RegensburgVerbessertes Verkehrsmanagement

Mit moderner Technologie und fundierten Verkehrsdaten kann der Verkehrsfluss im Regensburger Stadtgebiet effizienter und nachhaltiger gesteuert werden.
(Bildquelle: Stadt Regensburg, Presse- und Öffentlichkeitsarbeit)
Die Stadt Regensburg hat ihr Verkehrsmanagementsystem modernisiert. Wie die Kommune in Bayern mitteilt, will sie damit den Verkehr im Stadtgebiet langfristig sicher, flüssig und umweltfreundlich gestalten. Die neue Lösung arbeite mit moderner Technologie und fundierten Verkehrsdaten und sorge so für einen effizienteren und nachhaltigeren Verkehrsfluss. Gestartet sei das Vorhaben im Jahr 2020. Das Gesamtprojekt habe ein Investitionsvolumen von 2,1 Millionen Euro und wurde vom Bundesministerium für Digitales und Verkehr gefördert.
Als Herzstück der Modernisierung bezeichnet Regensburg die Erneuerung des zentralen Verkehrsrechners, der die 197 Ampelanlagen im Stadtgebiet steuert. Das neue Modell arbeite mit den modernsten Schnittstellenformaten und biete die Möglichkeit, Ampelanlagen über das 5G-Mobilfunknetz anzuschließen. Auch sei das Verkehrsmanagementsystem erweitert worden. Das aktualisierte und netzweit agierende Steuerungsverfahren reagiere flexibel auf kurzfristige Veränderungen im Verkehrsaufkommen. Ein neu entwickeltes Stauraummanagement ermittle anhand von Zu- und Abflüssen, wie sich Überstauungen an Knotenpunkten weitestgehend vermeiden lassen.
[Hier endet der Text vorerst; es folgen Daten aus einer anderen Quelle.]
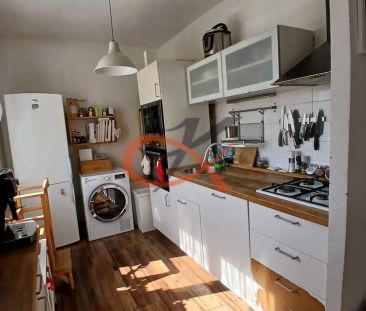 Pronájem bytu 2+1 v Rožnově pod Radhoštěm - Фото 4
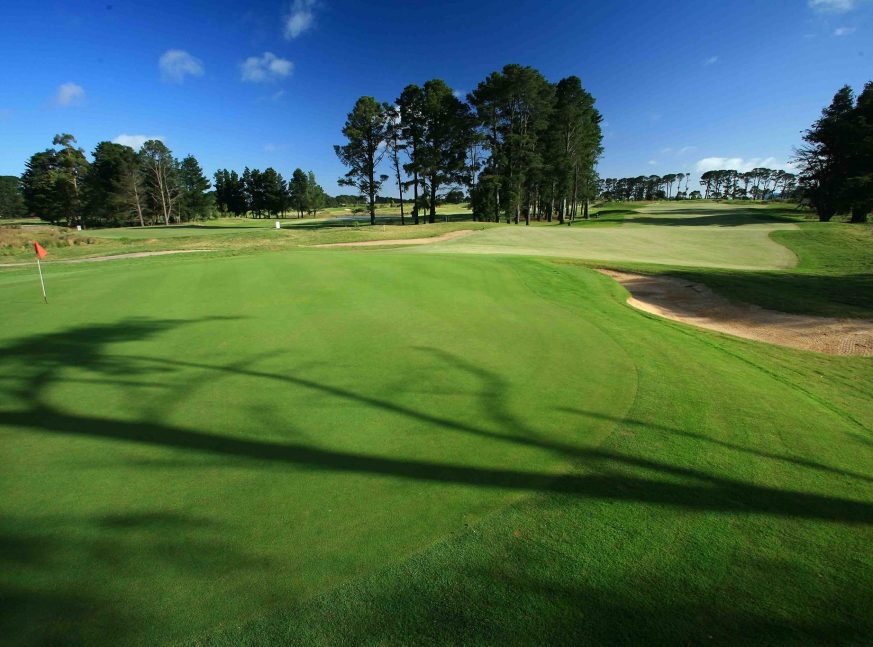 Ballarat Golf Club
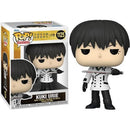 POP! FUNKO : Tokyo Ghoul:Re- Kuki Urie -1125- (6825501098038)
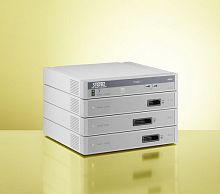 Endoscopy video processor IMAGE1 SFull HD imaging3D imaging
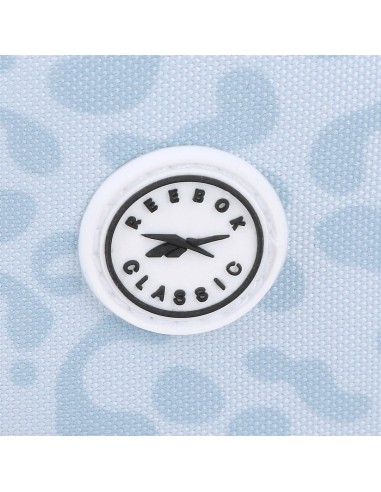 8413841 GYM SAC C/CREMALLERA REEBOK MAURA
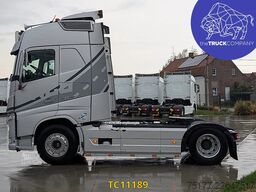 Volvo FH 460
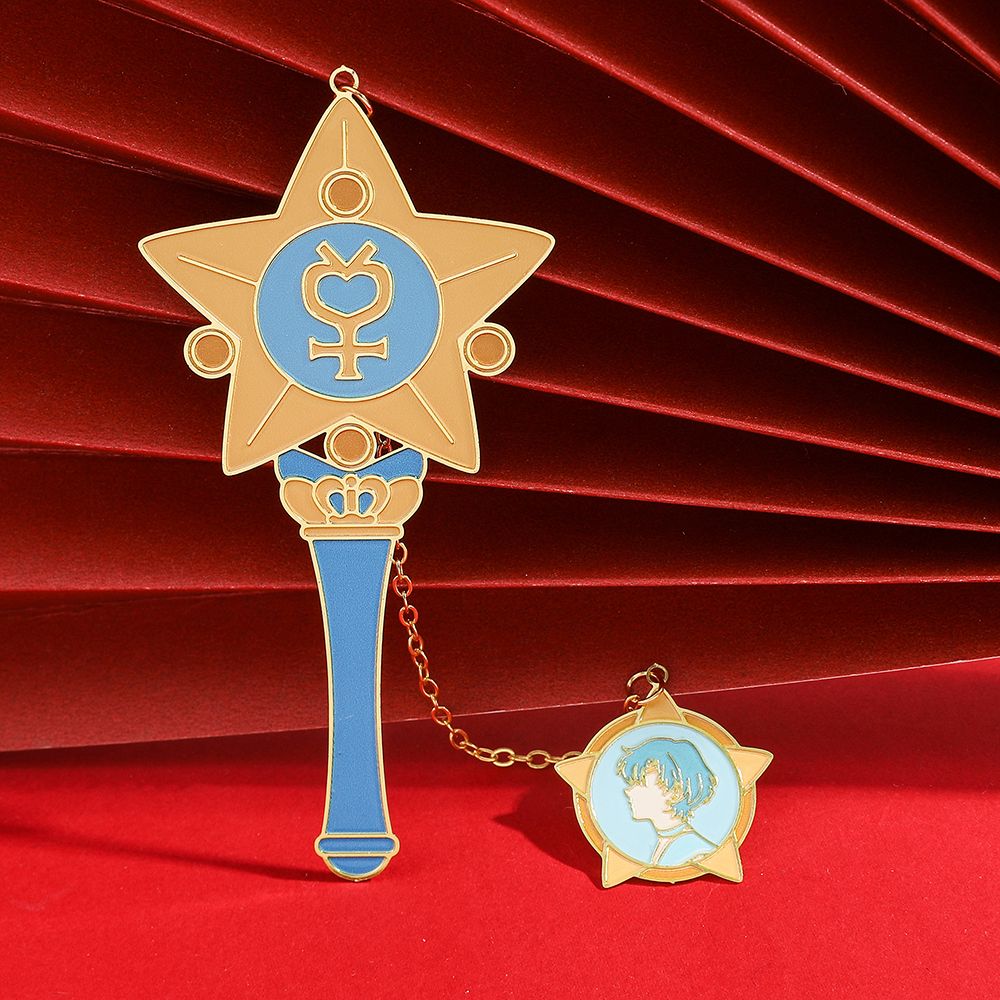 Anime Sailor Moon Magic Wand B – Sailor Moon Wand recenzja i cena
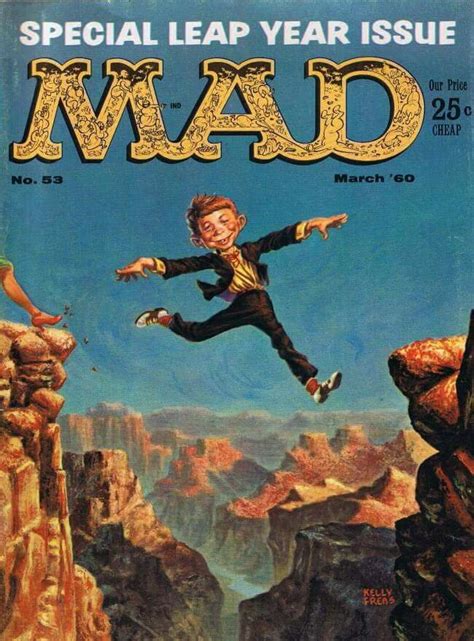 Comic Book Covers Comic Books Alfred E Neuman Mad Magazine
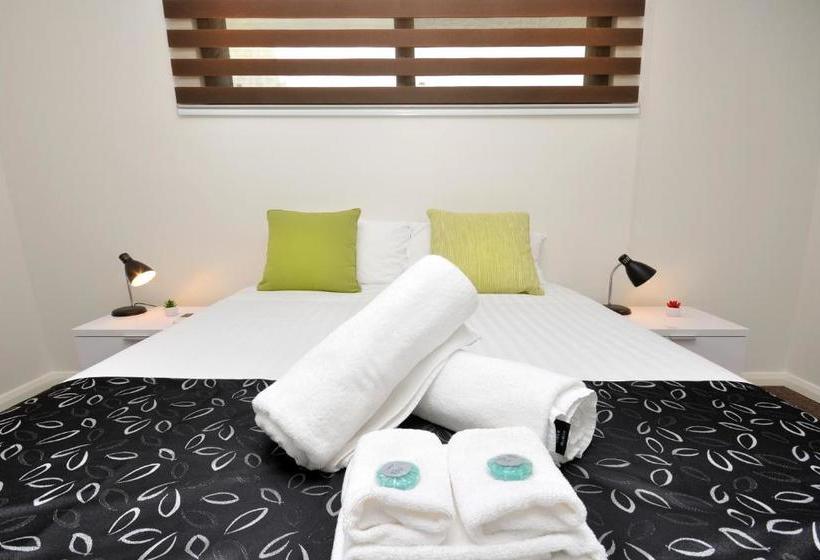 Coastal By Rockingham Apartments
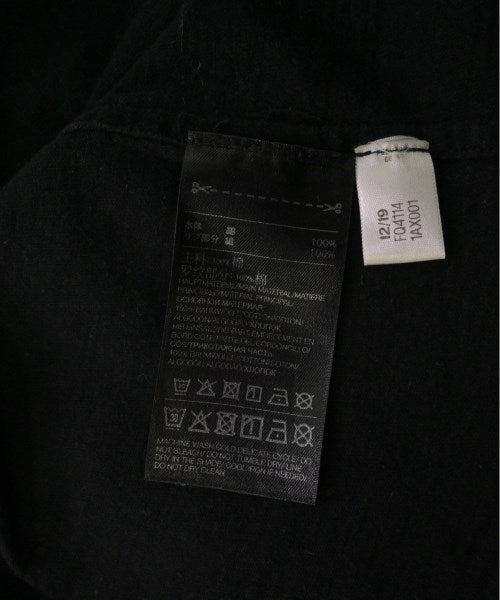 Y-3 Tee Shirts/Tops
Im Rahmen des Projekts wurden außerdem 24 Ampelanlagen technisch auf den neuesten Stand gebracht. Dank spezieller Schnittstellen werde künftig der Einsatz so genannter Road-Side-Units (RSU) möglich sein. Diese Geräte können Geschwindigkeiten und Rückstaulängen genauer erfassen und so Ampelschaltungen besser einstellen als die bislang verwendeten Sensoren, erklärt die Stadt. Auch die priorisierte Anmeldung von Rettungsfahrzeugen und Bussen an der Ampel werde punktgenauer möglich sein. Der innovative RSU-Ansatz werde bereits im parallel laufenden Smart-City-Projekt der Stadtverwaltung aufgegriffen und soll voraussichtlich im vierten Quartal 2025 anhand einer Testanlage in der Franz-Josef-Strauß-Allee umgesetzt werden.
Sechs zusätzliche Umweltsensoren gehören ebenfalls zum Verkehrsprojekt. Sie messen nach Angaben der Stadt an ausgewählten Standorten alle relevanten Luftparameter. Regensburg gewinne dadurch kontinuierlich Echtzeitdaten zu Luftschadstoffen und anderen Emissionen. Als zentraler Baustein komme des Weiteren ein neues Onlinequalitätsmanagement zum Einsatz. 108 neu im Straßenraum installierte Sensoren erfassen die aktuellen Verkehrsdaten und überwachen in Echtzeit die ÖPNV-Meldepunkte, erklärt Regensburg. Auch die Qualität der ÖPNV-Priorisierung und der Ampelkoordinierungen (Grüne Welle) werde kontinuierlich kontrolliert. So können mögliche Störungen oder Abweichungen rasch erkannt und behoben werden, wovon letztlich alle Verkehrsteilnehmenden profitieren.